Vous avez été mal conseillé par un conseil en gestion de patrimoine ? La Cour de cassation vient de préciser les conditions dans lesquelles les clients de ce professionnel peuvent mettre en œuvre sa responsabilité pour obtenir réparation.

Cinq ans. C’est le délai que vous avez, à partir du jour où vous avez connaissance ou auriez dû avoir connaissance de faits susceptibles d’entraîner la responsabilité d’un commerçant, pour agir en justice contre lui. Mais quand il s’agit d’un conseil en gestion de patrimoine (CGP) qui vous a prodigué de mauvais conseils de placement en matière de contrat d’assurance vie en unités de compte, quelle date faut-il retenir ? Celle de la souscription du contrat où le CGP est tenu de vous informer des risques et où vous êtes censés les avoir acceptés ? Ou la date de rachat du contrat, jour où les pertes se réalisent vraiment ? Dans deux décisions rendues le même jour et publiées au Bulletin (ce qui atteste de leur importance), la Cour de cassation vient de préciser qu’il fallait retenir cette dernière solution (Cass. com du 21 juin 2023, n° 21-19.853 et n° 21-16.716).

Une position favorable aux épargnants

Dans les deux affaires, qui concernaient le même CGP, des clients avaient souscrit des contrats d’assurance vie en investissant d’abord dans certaines unités de compte, puis en arbitrant au profit d’autres supports 4 ans plus tard, toujours sur les conseils de leur CGP. Ayant subi de fortes moins-values, les épargnants ont assigné ce dernier en responsabilité, pour avoir manqué à ses obligations de conseil et de mise en garde et à son devoir d’assurer l’adéquation des supports conseillés avec le profil de risque déclaré des investisseurs.

Mais dans les deux cas, les clients sont confrontés à un rejet de la cour d’appel de Grenoble : leurs demandes sont prescrites. Selon les magistrats, les plaignants étaient en effet informés dès la conclusion des contrats que les supports conseillés comportaient des risques de perte en capital. Le délai de prescription de leur action en responsabilité contre cette société de conseil a donc commencé à courir à la date de conclusion de ces contrats.

Perte de chance

La Cour de cassation, saisie par les épargnants bien inspirés, casse et annule les deux arrêts d’appel.

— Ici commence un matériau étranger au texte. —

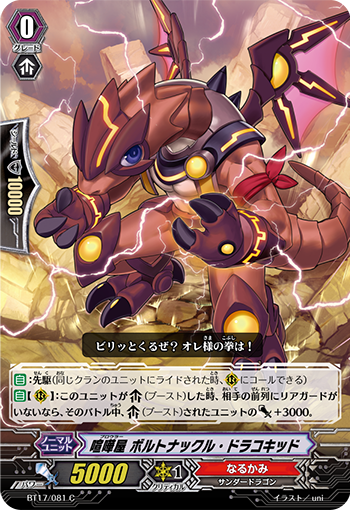 争斗者 伏特震拳幼龙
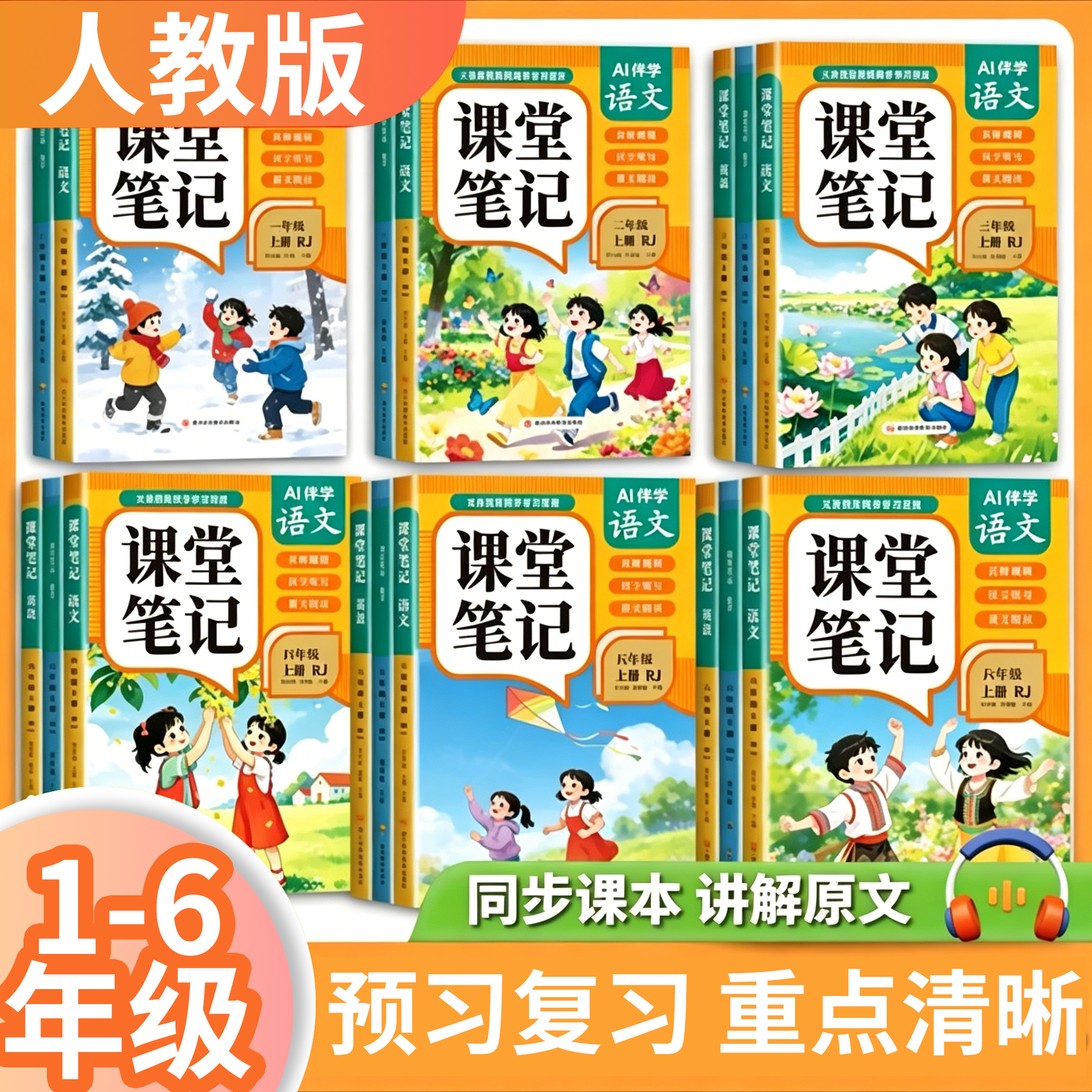 2026新版小学课堂笔记一二三四五六年级上册语文数学英语人教版同步教材全解课堂笔记随堂学霸笔记预习复习教辅书同步训练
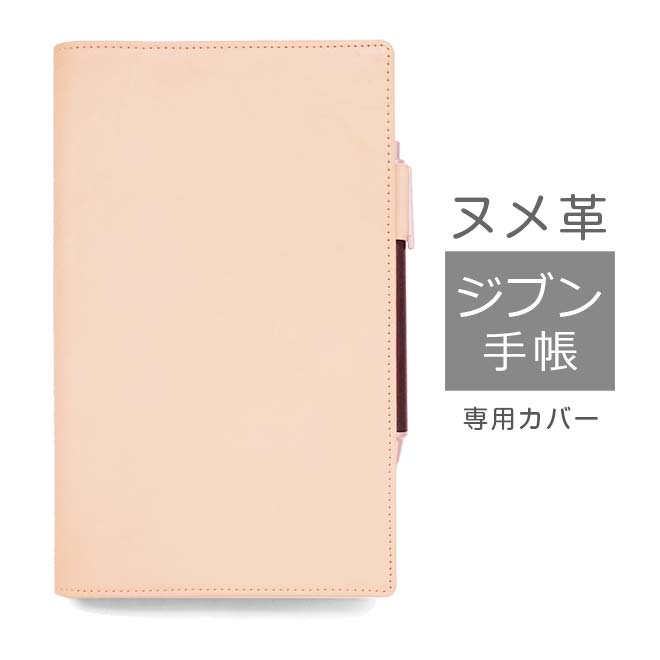 ジブン手帳 カバー 本革 （A5スリム） 【素ヌメ革】 ジブン手帳 Biz ビズ DAYs デイズ にも対応 日本製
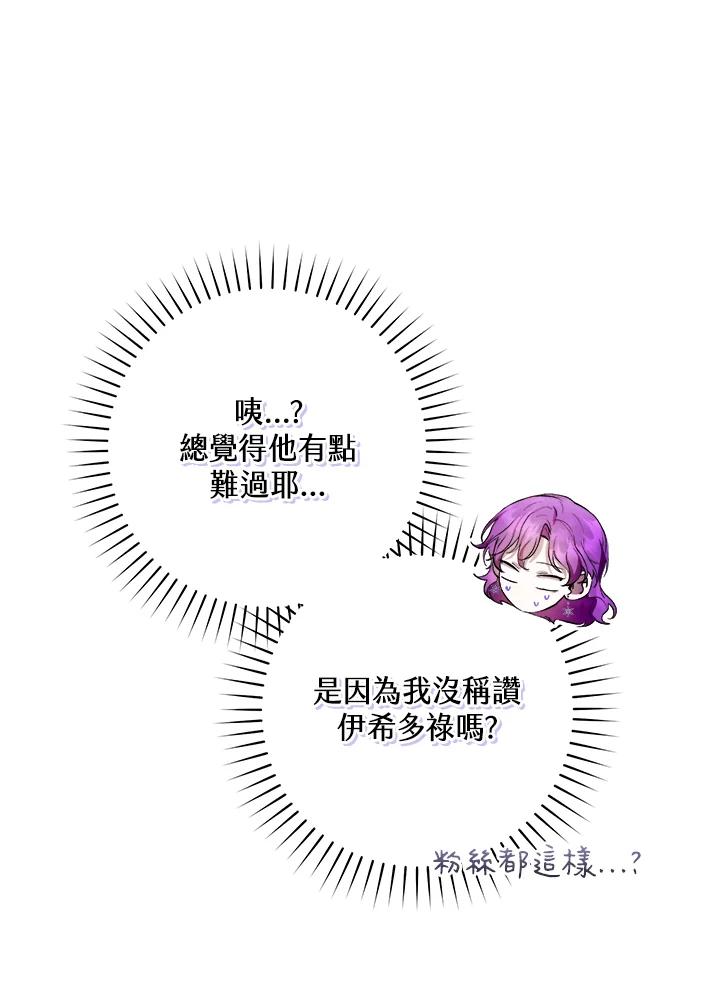 《做个恶女好安逸？》第35话 第28页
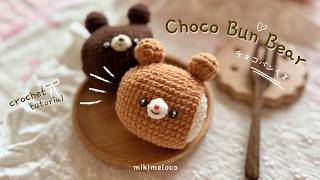 Choco Bun Bear Crochet Tutorial | Cute Bread Bear Amigurumi| Free Pattern &amp; Beginner Friendly!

Elle rappelle en effet que le défaut d’information sur le risque de pertes liées à ces investissements ou le manque de conseil au regard d’un tel risque, prive le souscripteur d’une chance d’éviter la réalisation de ces pertes. Or, ces pertes ne se réalisent qu’au rachat du contrat d’assurance vie (quand bien même le support en question aurait fait antérieurement l’objet d’un désinvestissement, comme c’était le cas dans les deux dossiers). Il en résulte, soutient la Cour de cassation, que le délai de prescription de 5 ans commence à courir, non à la date où l’investissement a lieu, mais à la date du rachat du contrat d’assurance vie. Les deux affaires sont renvoyées à la cour d’appel de Chambéry pour être rejugées, en suivant le fil rouge dessiné par les hauts magistrats.